*WHAT THE TASK REQUIRES*
Exact copy, pictures excluded: output the lines from the opening of the entries through the line bearing "Top/Magtröja - Top".
══════
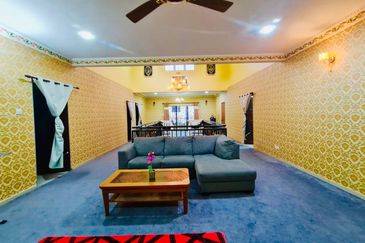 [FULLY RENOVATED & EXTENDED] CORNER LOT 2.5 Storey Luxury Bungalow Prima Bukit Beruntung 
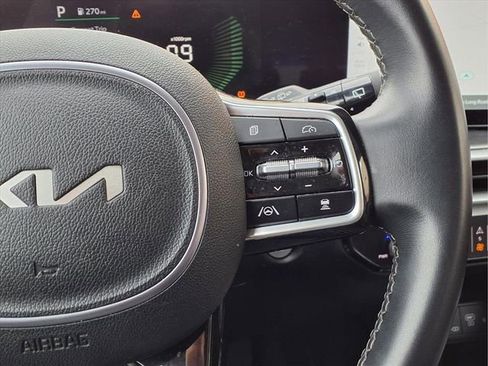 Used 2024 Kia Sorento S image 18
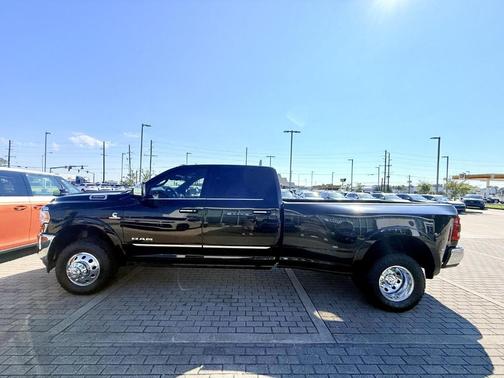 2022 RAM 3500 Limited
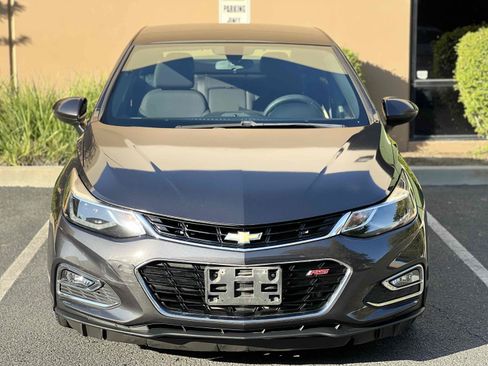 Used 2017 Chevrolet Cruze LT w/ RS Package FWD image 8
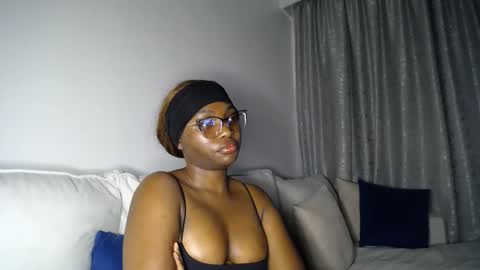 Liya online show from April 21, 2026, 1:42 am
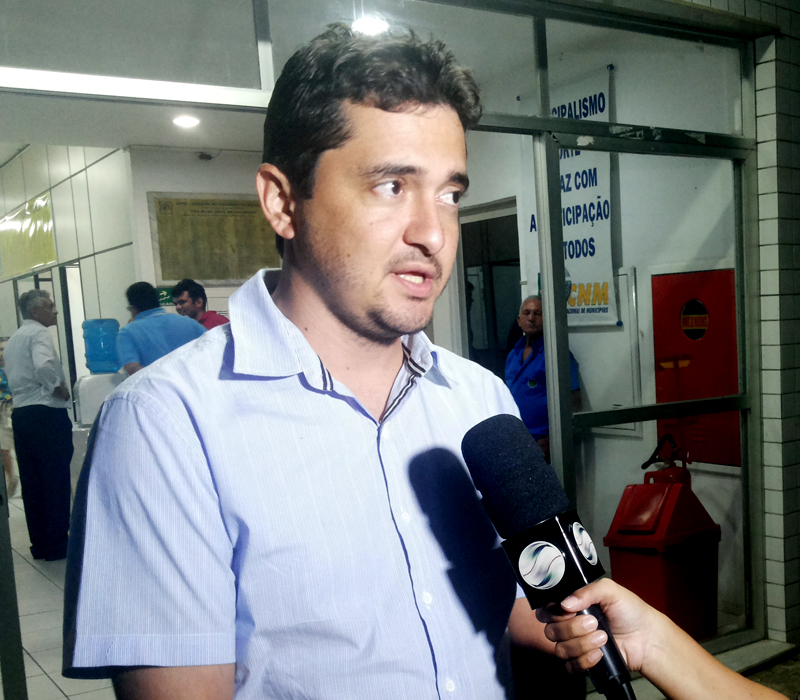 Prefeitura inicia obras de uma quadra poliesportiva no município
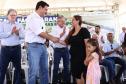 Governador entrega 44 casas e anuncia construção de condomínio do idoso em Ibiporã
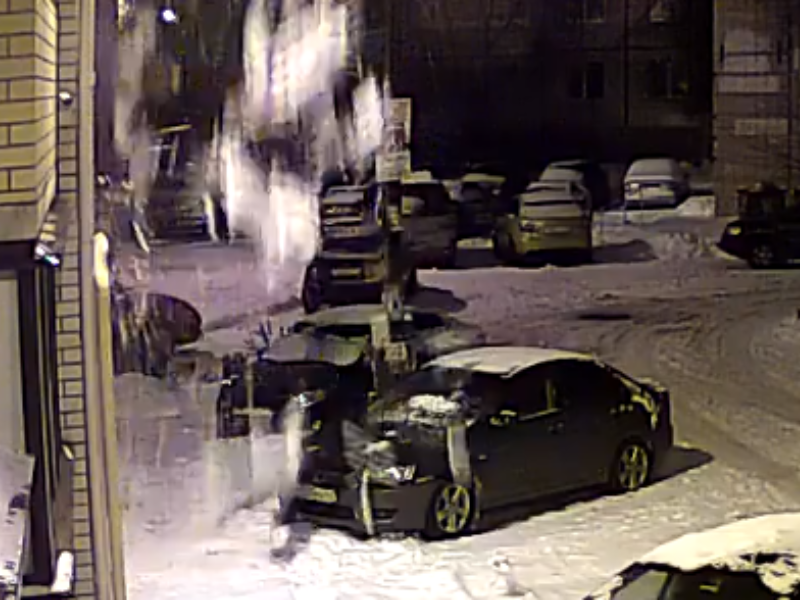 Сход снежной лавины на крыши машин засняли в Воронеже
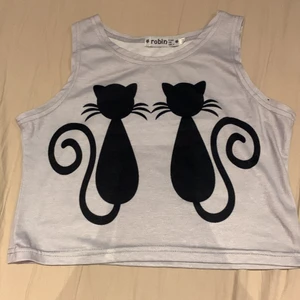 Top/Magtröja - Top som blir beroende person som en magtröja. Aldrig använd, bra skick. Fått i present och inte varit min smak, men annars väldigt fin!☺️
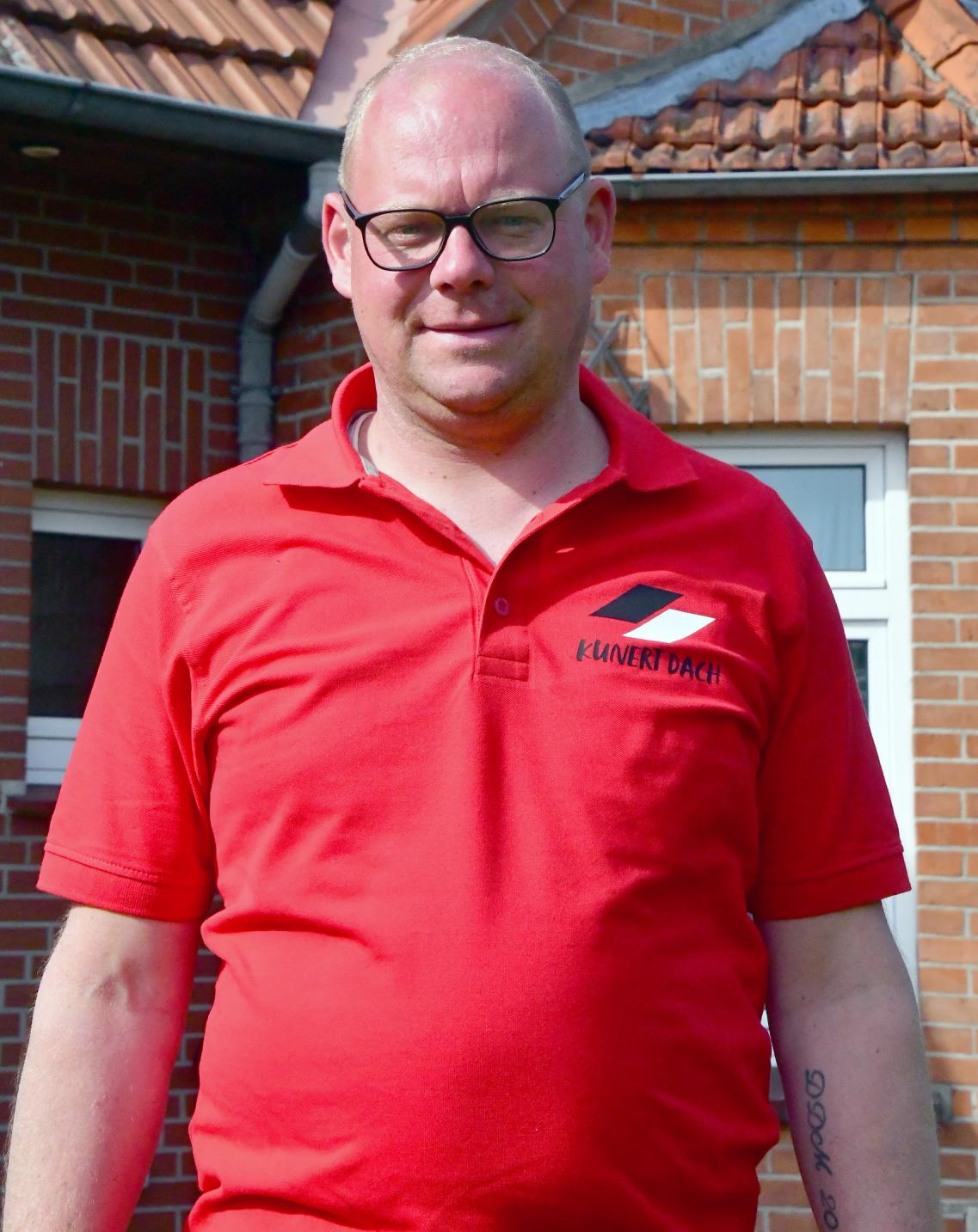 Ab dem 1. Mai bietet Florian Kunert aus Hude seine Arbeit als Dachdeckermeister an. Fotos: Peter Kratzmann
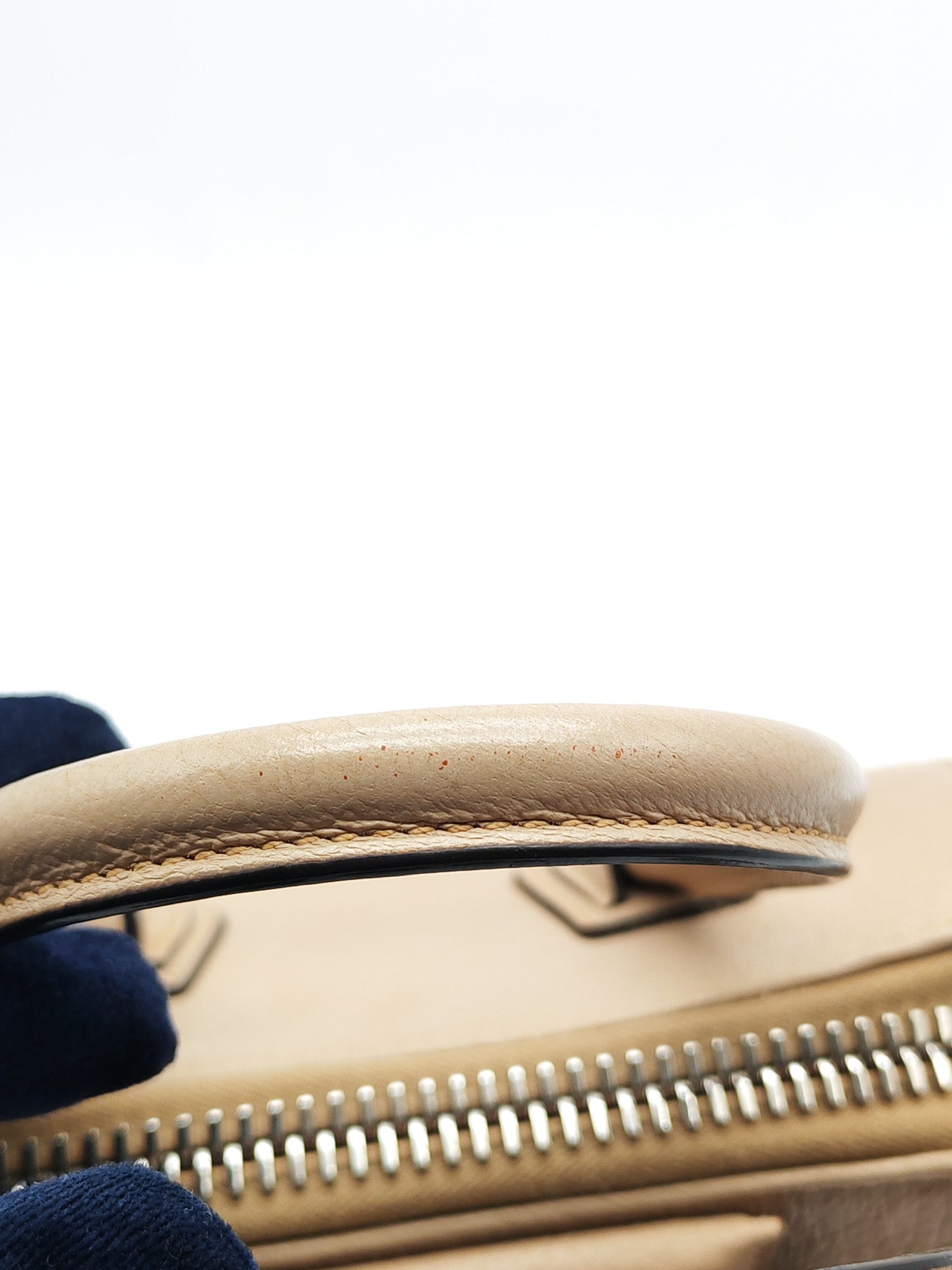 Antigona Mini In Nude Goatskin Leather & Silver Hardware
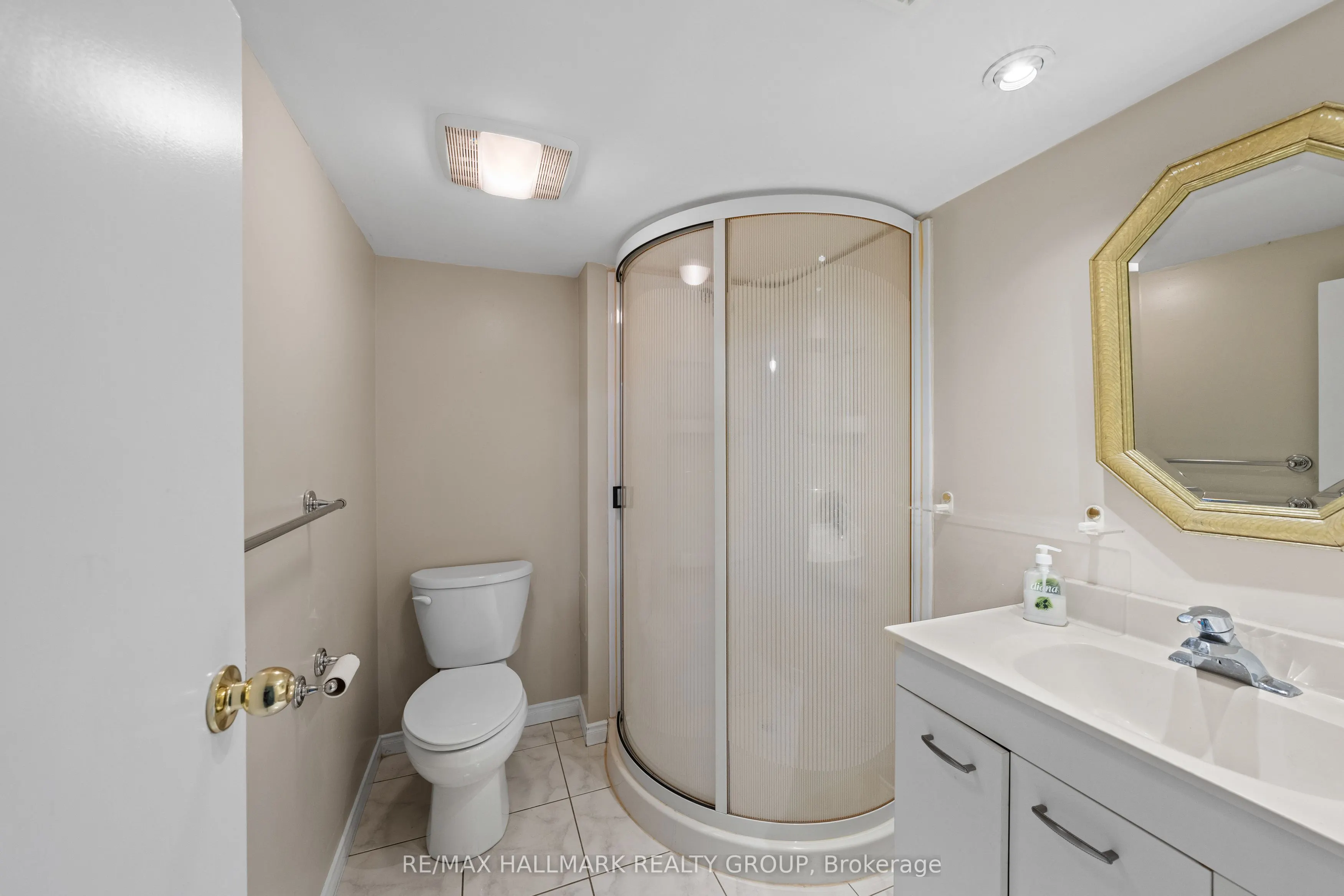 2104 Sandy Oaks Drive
══════
*RESULT OF THE TASK*
 [FULLY RENOVATED & EXTENDED] CORNER LOT 2.5 Storey Luxury Bungalow Prima Bukit Beruntung 
 Used 2024 Kia Sorento S image 18
 2022 RAM 3500 Limited
 Used 2017 Chevrolet Cruze LT w/ RS Package FWD image 8
 Liya online show from April 21, 2026, 1:42 am
 Prefeitura inicia obras de uma quadra poliesportiva no município
 Governador entrega 44 casas e anuncia construção de condomínio do idoso em Ibiporã
 Сход снежной лавины на крыши машин засняли в Воронеже
 Top/Magtröja - Top som blir beroende person som en magtröja. Aldrig använd, bra skick. Fått i present och inte varit min smak, men annars väldigt fin!☺️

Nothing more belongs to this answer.